Please transcribe the entries exactly and omit the images they contain.

DATA FOR THE TASK section start

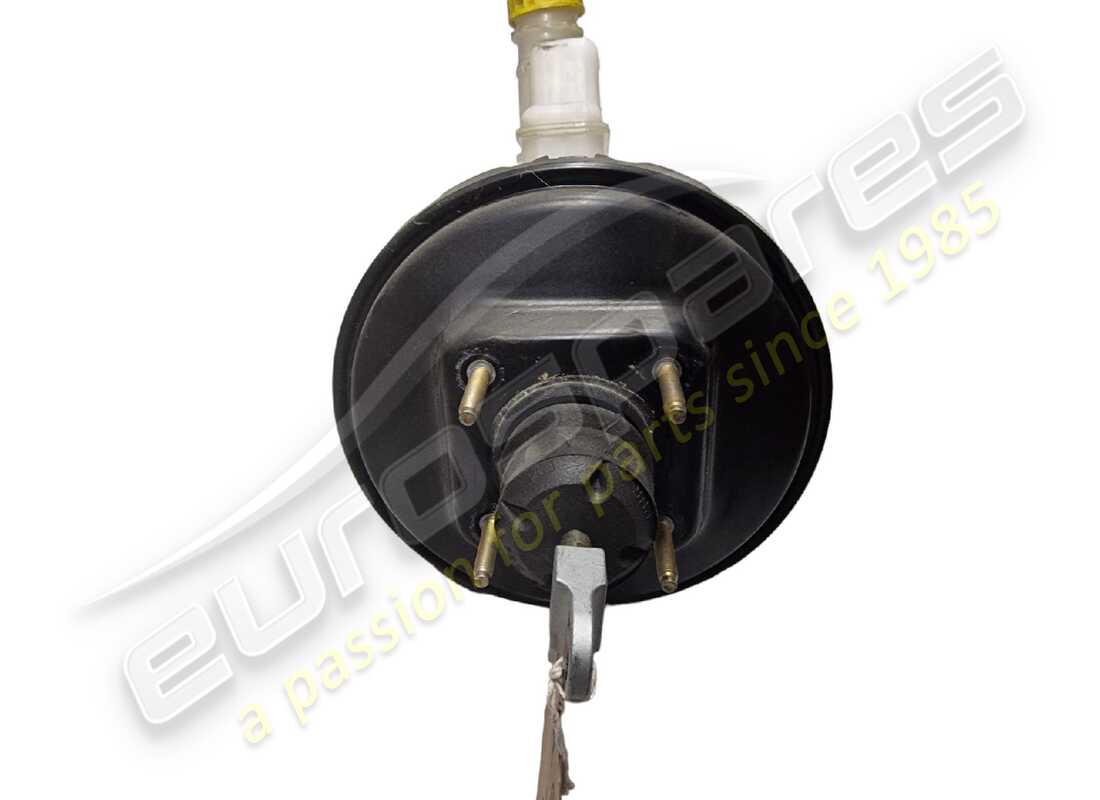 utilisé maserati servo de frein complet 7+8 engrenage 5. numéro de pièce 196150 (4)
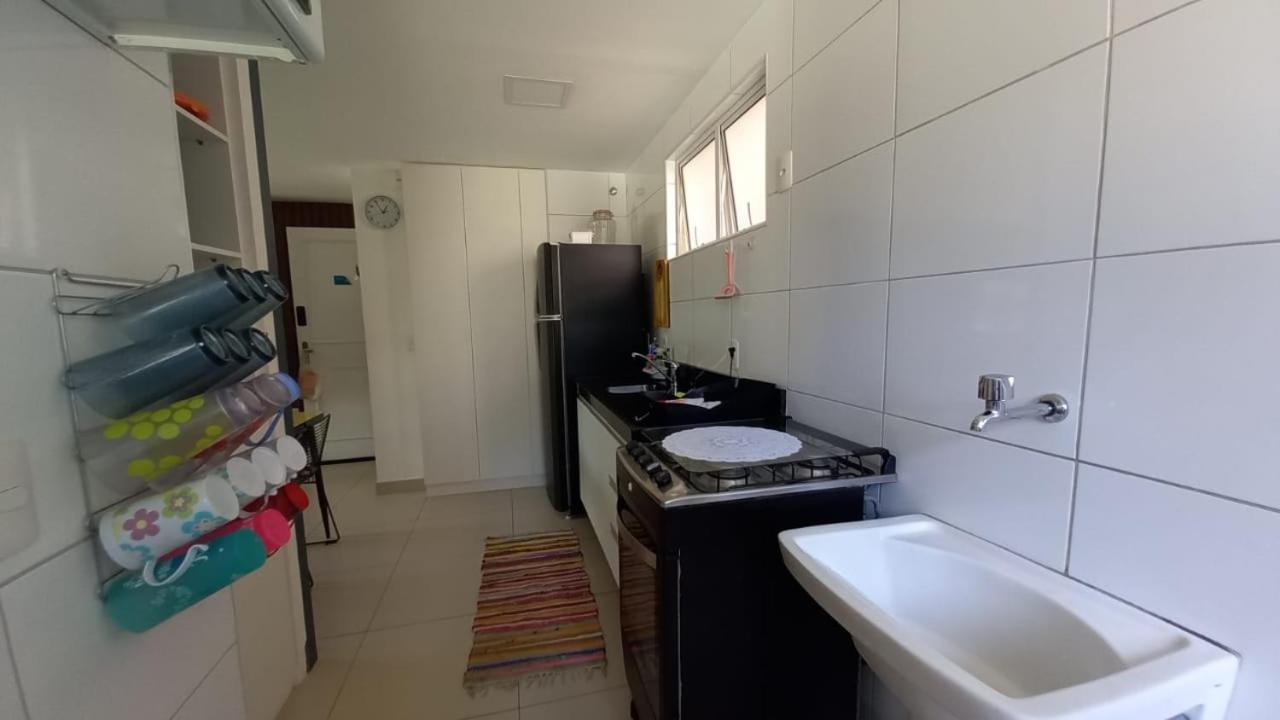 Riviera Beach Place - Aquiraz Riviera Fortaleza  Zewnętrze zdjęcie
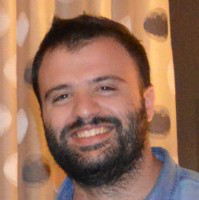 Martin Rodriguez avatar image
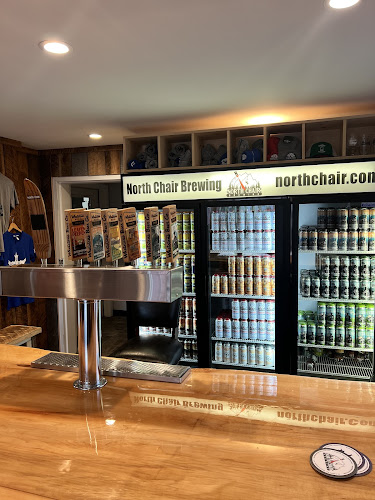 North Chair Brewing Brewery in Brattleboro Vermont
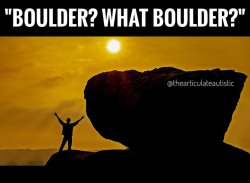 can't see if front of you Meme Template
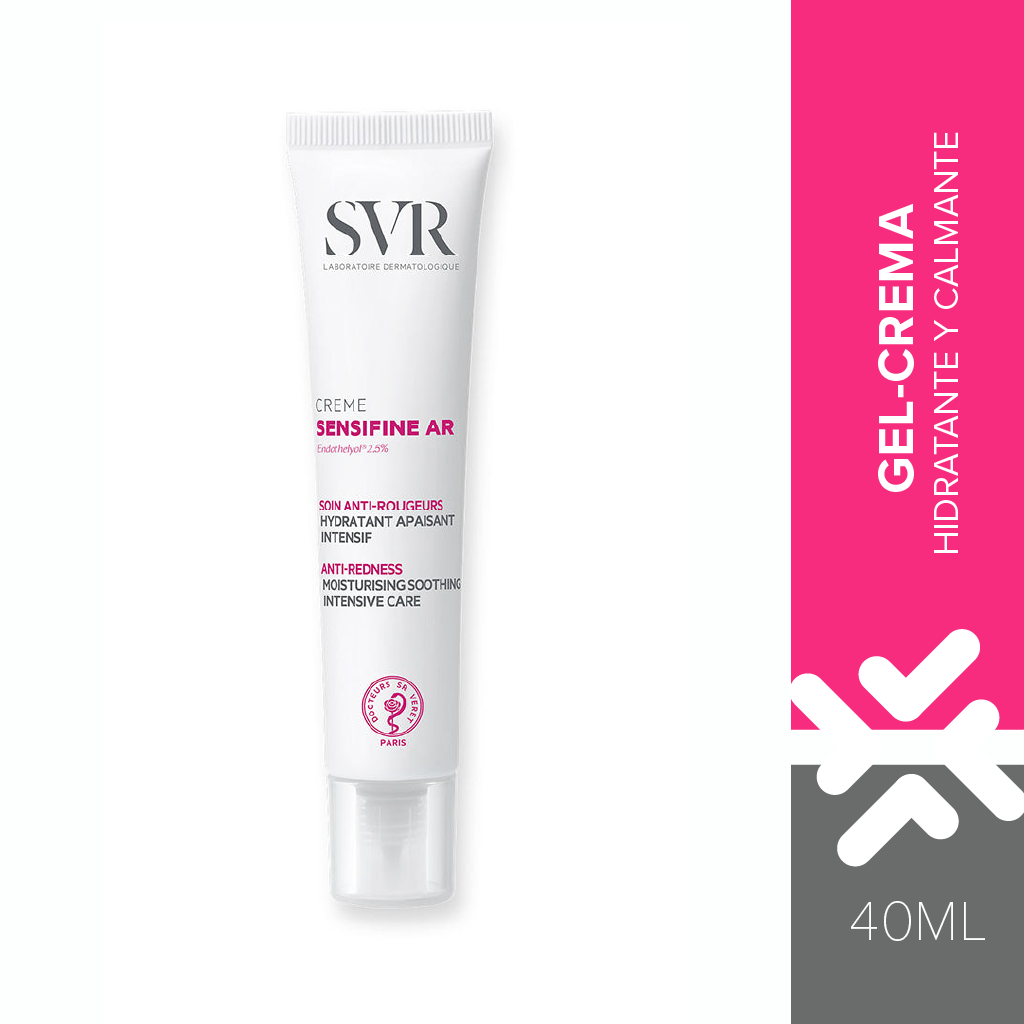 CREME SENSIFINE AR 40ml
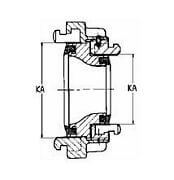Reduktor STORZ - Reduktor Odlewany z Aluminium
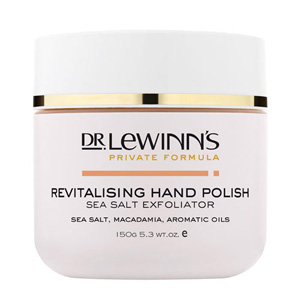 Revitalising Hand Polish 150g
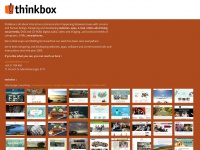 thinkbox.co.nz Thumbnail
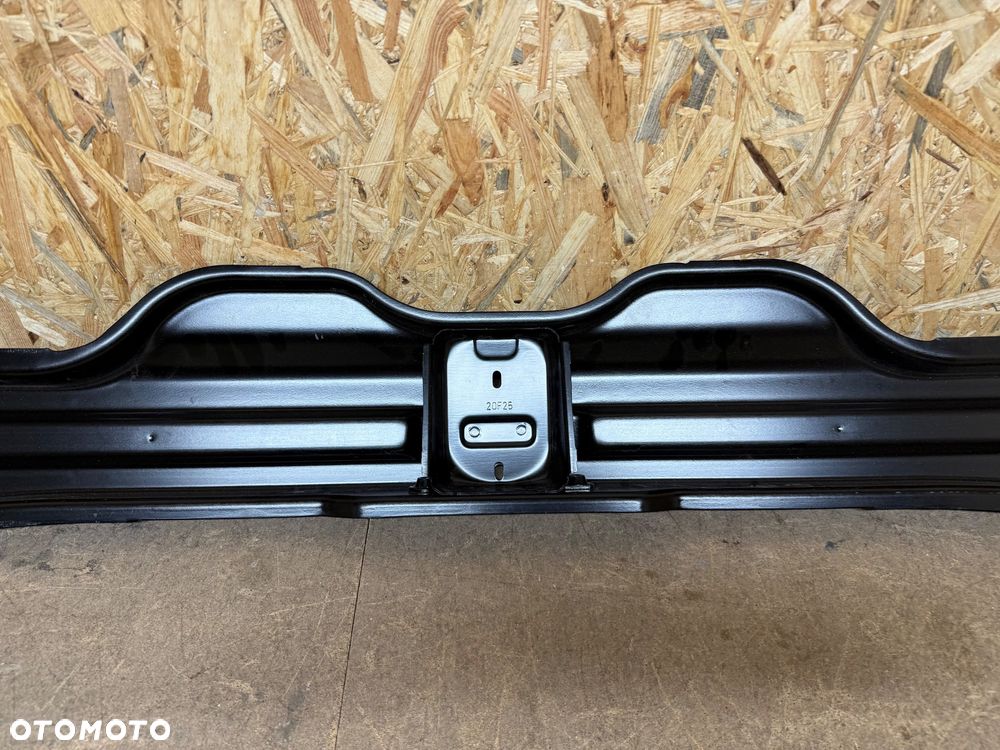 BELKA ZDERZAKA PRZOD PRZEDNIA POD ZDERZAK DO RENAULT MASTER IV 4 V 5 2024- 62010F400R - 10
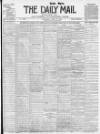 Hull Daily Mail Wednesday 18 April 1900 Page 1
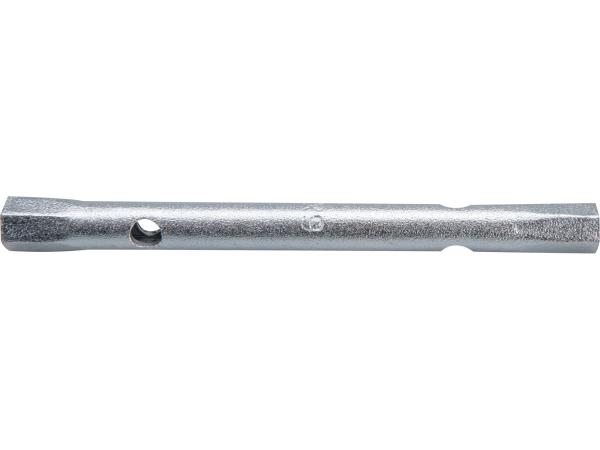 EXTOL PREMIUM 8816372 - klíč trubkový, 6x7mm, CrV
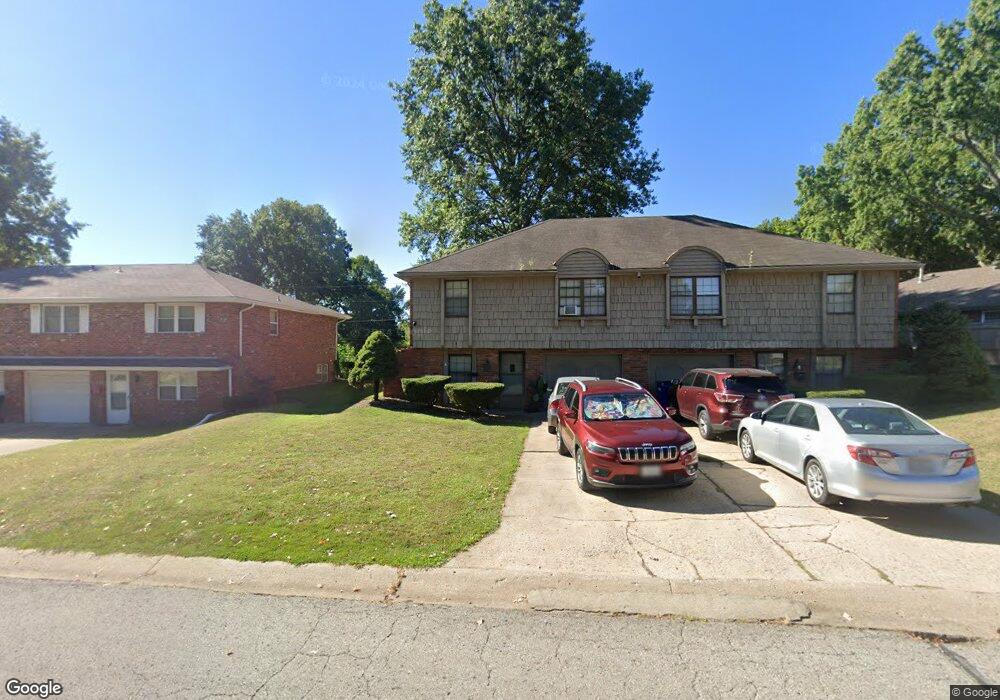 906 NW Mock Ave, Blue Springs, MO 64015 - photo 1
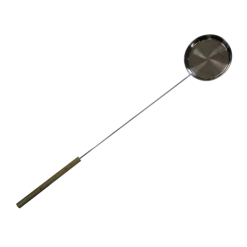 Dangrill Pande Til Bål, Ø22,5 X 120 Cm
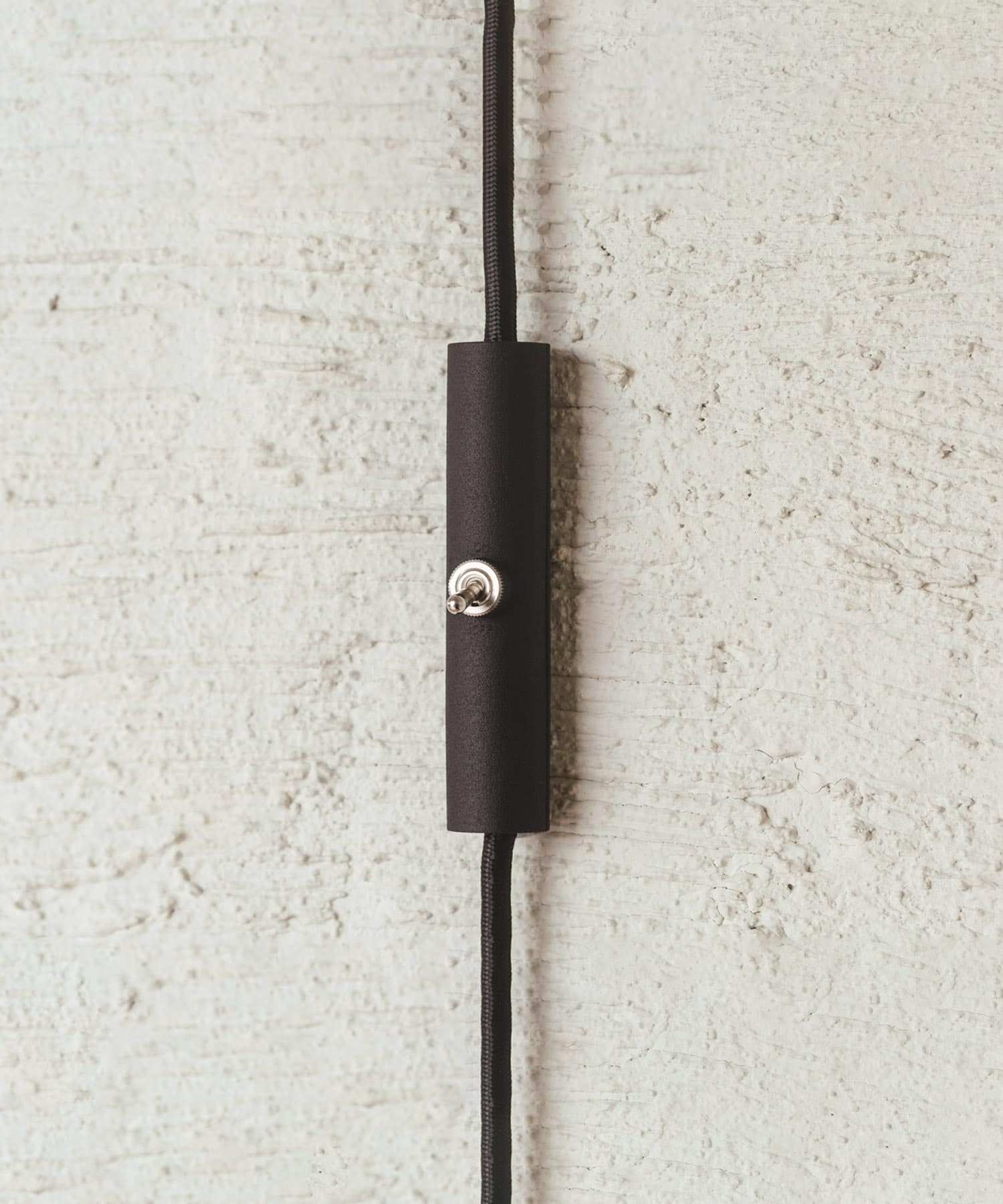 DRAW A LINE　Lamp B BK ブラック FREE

DATA FOR THE TASK section end

** OUTPUT **
 utilisé maserati servo de frein complet 7+8 engrenage 5. numéro de pièce 196150 (4)
 Riviera Beach Place - Aquiraz Riviera Fortaleza  Zewnętrze zdjęcie
 Martin Rodriguez avatar image
 North Chair Brewing Brewery in Brattleboro Vermont
 can't see if front of you Meme Template
 CREME SENSIFINE AR 40ml
Reduktor STORZ - Reduktor Odlewany z Aluminium
 Revitalising Hand Polish 150g
 thinkbox.co.nz Thumbnail
 BELKA ZDERZAKA PRZOD PRZEDNIA POD ZDERZAK DO RENAULT MASTER IV 4 V 5 2024- 62010F400R - 10
 Hull Daily Mail Wednesday 18 April 1900 Page 1
 EXTOL PREMIUM 8816372 - klíč trubkový, 6x7mm, CrV
 906 NW Mock Ave, Blue Springs, MO 64015 - photo 1
 Dangrill Pande Til Bål, Ø22,5 X 120 Cm
 DRAW A LINE　Lamp B BK ブラック FREE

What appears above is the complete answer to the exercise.